# Anyone own the new Vizio VF552XVT?



## flogduh (Nov 4, 2005)

If so, what do you think about this set? Are you finding you're using the Internet Apps? Streaming Netflix working well for you? Do you mind sharing what picture settings you've found most appealing for you?

I just received the set for my 50th birthday along with the motorized tilt wall mount. Thanks Honey, you're the BEST! It replaced my 7 yr old Hatachi Ultravision RP HDTV which was really tired. She picked it up both the TV and mount at Costco.
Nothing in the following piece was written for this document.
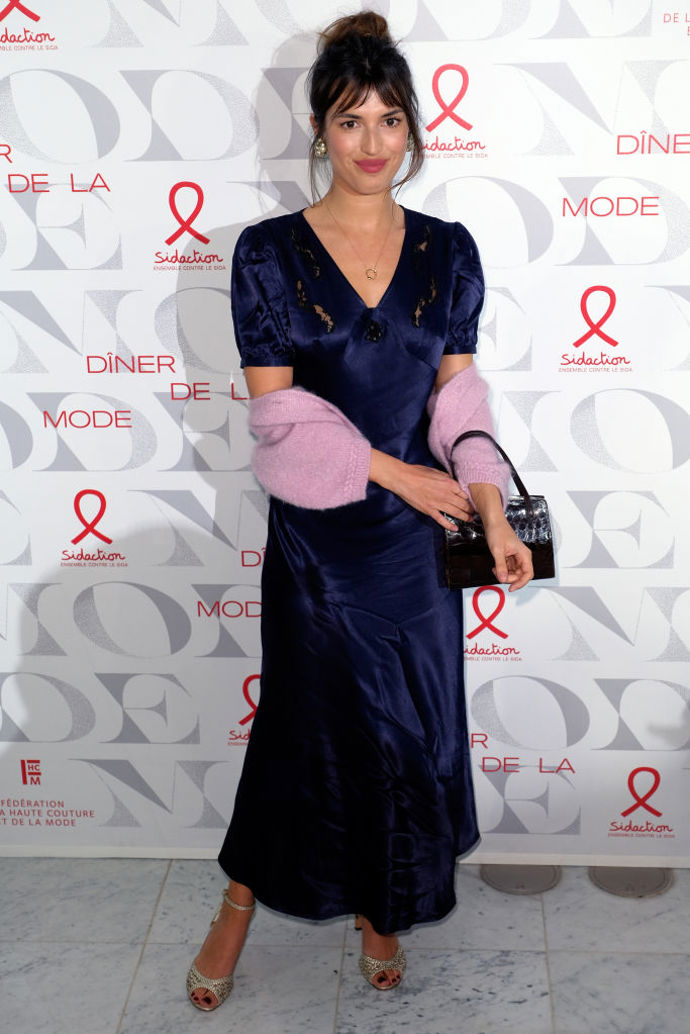 Na fashion weeku v Paříži v lednu 2019 v tmavě modrých šatech v kombinaci s růžovým svetříkem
Set up was a snap, the bluetooth, qwerty keyboard slide remote is really cool and it helps when using the Internet Apps. Built in wireless N adapter found my dual band N Linksys router in a snap, and connected seamlessly after entering in my security passphrase. I connected to my 5 ghz band and found that streaming from Netflix I had zero pixelization or video/audio studdering.

I was able to easily reconfigure my Harmony 700 remote in just a few minutes and didn't even need to fiddle with relay delay settings. 
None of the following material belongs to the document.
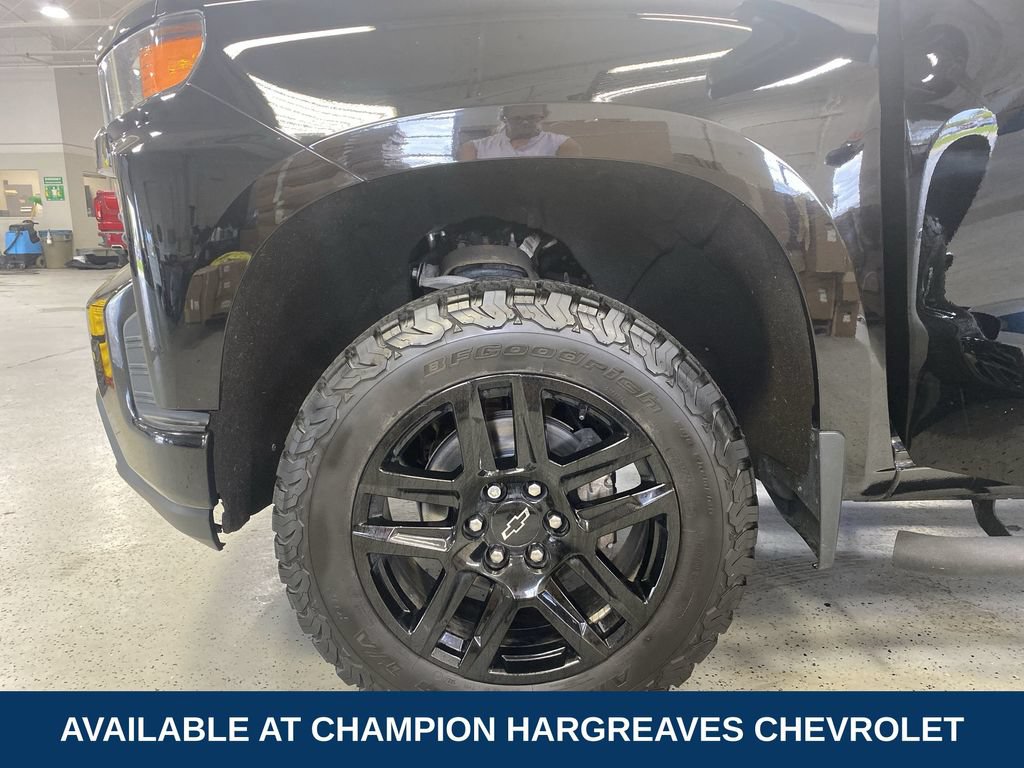 Used 2022 Chevrolet Silverado 1500 Custom Trail Boss AWD/4WD image 41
At this price point, it's hard to find an equal. The new 480mhz 3D Vizio was just announced and will be priced at the same point this model currently is at, so I expect this model's price to drip to the mid to low $1000s once the 3D model hits the street later this year.


----------



## brinack (Jun 6, 2010)

I just picked up the SV472xvt the little brother to your set. I cant say enough about how great the picture is and the set in general. The internet apps are also very nice and responsive.

Very happy with the set.

I also ordered a "chief" brand wall mount. All I have to say is WOW. What a sweet mount. Excellent build quality and design.


----------



## flogduh (Nov 4, 2005)

Nice buy. That's one set I'm considering for the bedroom..


----------